Assignment → Restate, word for word and with no pictures, the stretch of lines in the data below that begins at the line with "HARLEY FLSTCI 1450 2005" and ends at the line with "Vouros Villages - Suites - Masouri - 4", inclusive.

Exercise materials →
+ + + + +

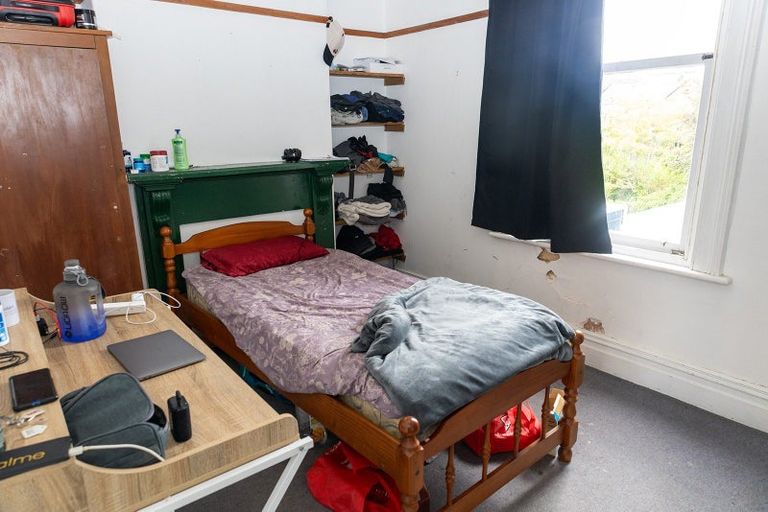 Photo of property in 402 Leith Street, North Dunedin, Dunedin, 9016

+ + + + +

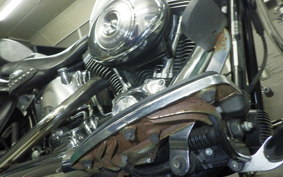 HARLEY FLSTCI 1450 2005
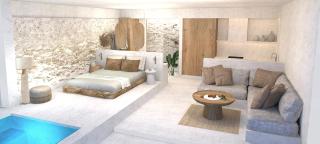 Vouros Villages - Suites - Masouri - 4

+ + + + +

Result below →
 HARLEY FLSTCI 1450 2005
 Vouros Villages - Suites - Masouri - 4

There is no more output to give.